When conducting this test, it's important to be on clean dry pavement because the CX-5 can detect the presence of rain slickened pavement and will automatically send more braking force to the front. The BFD also applied more force to the rear at the initial brake initiation because weight hasn't transferred to the front yet. This initial stronger pulse to the rear helps settle the chassis (lowers the front ride height slightly and momentarily in a gentle manner) and this reduces some of the negative effects of brake dive when the front brakes are applied more strongly. Said another way, it pre-loads the front suspension slightly to reduce the momentum of brake dive.

Yes Anchorman, the BFD really does distribute more braking to the rear wheels when it's advantageous to do so. I've measured it. Mazda says it does it. You, inexplicably deny it. (spin)
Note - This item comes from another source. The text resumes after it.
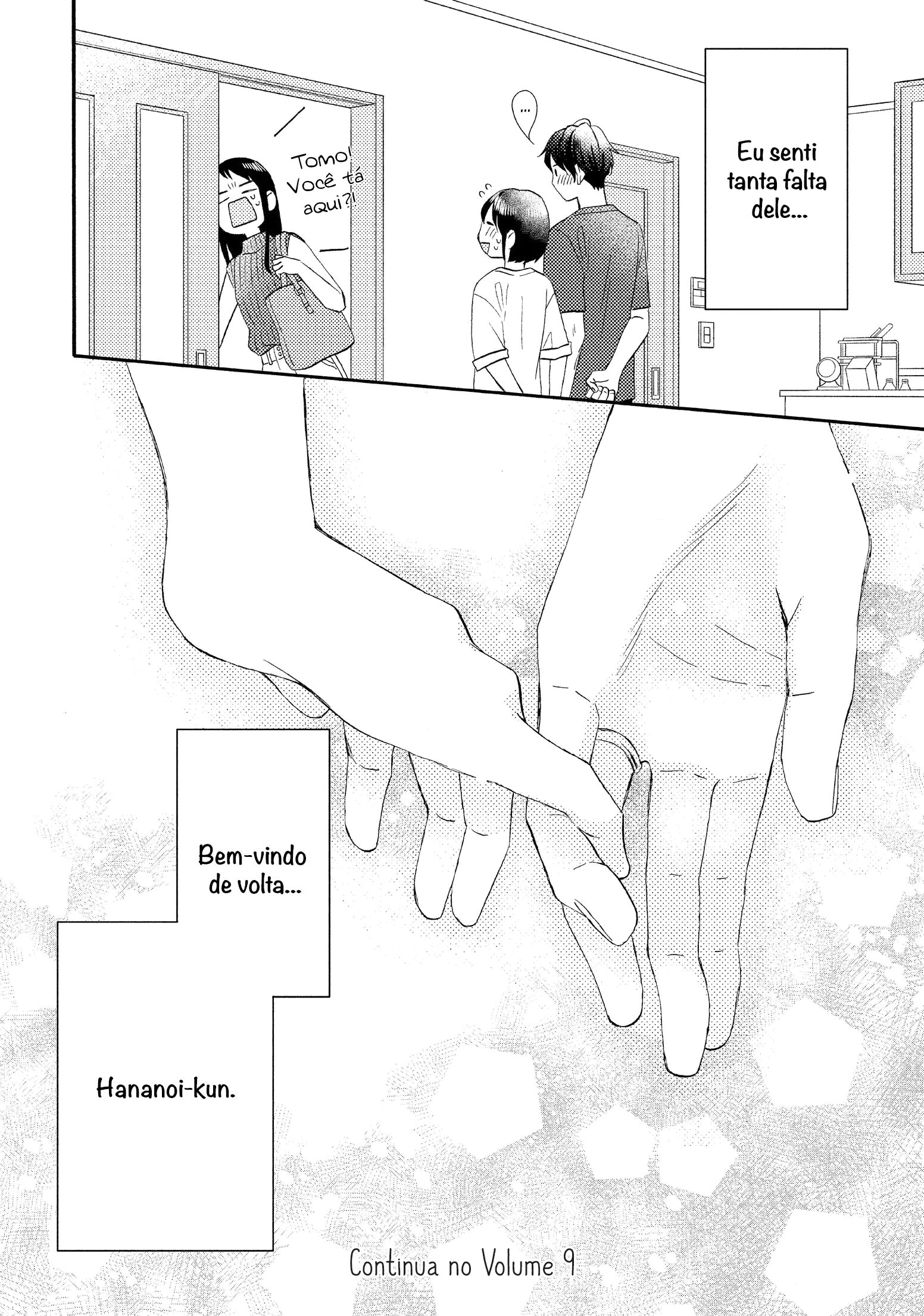 Uma Condição Chamada Amor Capítulo 32 Página 45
Not like you to rubbish somebody’s post Mike. I’ve got a calibrated temp gun and will try this test of yours when my car comes in a couple of weeks. In the meantime I’ve got to figure out how all the rear brake dust gets to my front wheels on this CX-3.
 
I have only ever put a light coating of grease on my caliper pins. My Infiniti is the only vehicle that this has been a service item for.
 
They didn’t. Measure the temps after very light braking. Mind your fingers!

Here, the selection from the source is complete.